Only one stretch of the data is wanted: the line containing "Studio Silhouette Jeans - barndoorboutiquetn", the line containing "скорость (SPEEDO)( женский", and every line between them, copied exactly.

▶ _Web page caption snippets_:
────

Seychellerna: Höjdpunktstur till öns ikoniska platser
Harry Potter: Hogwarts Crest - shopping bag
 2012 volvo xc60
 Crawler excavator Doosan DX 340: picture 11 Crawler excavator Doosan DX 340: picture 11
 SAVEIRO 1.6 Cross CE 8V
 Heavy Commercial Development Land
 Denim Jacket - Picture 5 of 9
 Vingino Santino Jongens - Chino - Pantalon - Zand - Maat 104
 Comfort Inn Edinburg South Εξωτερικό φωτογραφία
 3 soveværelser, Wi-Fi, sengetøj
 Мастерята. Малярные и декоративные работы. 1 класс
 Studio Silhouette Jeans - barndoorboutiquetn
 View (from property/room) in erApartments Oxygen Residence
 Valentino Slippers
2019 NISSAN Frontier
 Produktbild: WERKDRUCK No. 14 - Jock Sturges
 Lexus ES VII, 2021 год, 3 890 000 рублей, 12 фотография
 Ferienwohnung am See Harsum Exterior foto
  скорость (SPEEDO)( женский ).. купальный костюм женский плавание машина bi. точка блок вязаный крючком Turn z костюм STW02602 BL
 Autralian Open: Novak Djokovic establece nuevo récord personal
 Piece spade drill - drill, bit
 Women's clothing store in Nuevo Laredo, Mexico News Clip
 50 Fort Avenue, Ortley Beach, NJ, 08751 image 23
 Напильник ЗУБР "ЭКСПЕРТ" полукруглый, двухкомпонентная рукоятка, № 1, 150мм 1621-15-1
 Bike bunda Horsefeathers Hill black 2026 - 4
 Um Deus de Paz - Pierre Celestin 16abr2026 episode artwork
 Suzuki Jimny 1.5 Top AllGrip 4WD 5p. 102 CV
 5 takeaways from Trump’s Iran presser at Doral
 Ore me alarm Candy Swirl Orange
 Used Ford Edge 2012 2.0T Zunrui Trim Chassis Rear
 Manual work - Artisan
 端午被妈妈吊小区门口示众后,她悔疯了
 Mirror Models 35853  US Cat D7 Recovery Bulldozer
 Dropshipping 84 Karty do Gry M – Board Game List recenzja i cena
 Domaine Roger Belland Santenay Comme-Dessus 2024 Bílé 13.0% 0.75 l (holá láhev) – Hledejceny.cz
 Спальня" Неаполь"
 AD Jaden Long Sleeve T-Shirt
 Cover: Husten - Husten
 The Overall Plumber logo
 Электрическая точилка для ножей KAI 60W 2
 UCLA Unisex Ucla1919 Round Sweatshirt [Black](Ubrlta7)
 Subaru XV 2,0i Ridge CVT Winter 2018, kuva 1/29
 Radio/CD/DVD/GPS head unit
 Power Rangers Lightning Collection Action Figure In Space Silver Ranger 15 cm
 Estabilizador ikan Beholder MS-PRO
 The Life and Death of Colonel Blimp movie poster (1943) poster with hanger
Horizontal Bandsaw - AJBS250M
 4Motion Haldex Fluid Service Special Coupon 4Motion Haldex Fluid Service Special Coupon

────

▶ _Response to the task_:
 Studio Silhouette Jeans - barndoorboutiquetn
 View (from property/room) in erApartments Oxygen Residence
 Valentino Slippers
2019 NISSAN Frontier
 Produktbild: WERKDRUCK No. 14 - Jock Sturges
 Lexus ES VII, 2021 год, 3 890 000 рублей, 12 фотография
 Ferienwohnung am See Harsum Exterior foto
  скорость (SPEEDO)( женский ).. купальный костюм женский плавание машина bi. точка блок вязаный крючком Turn z костюм STW02602 BL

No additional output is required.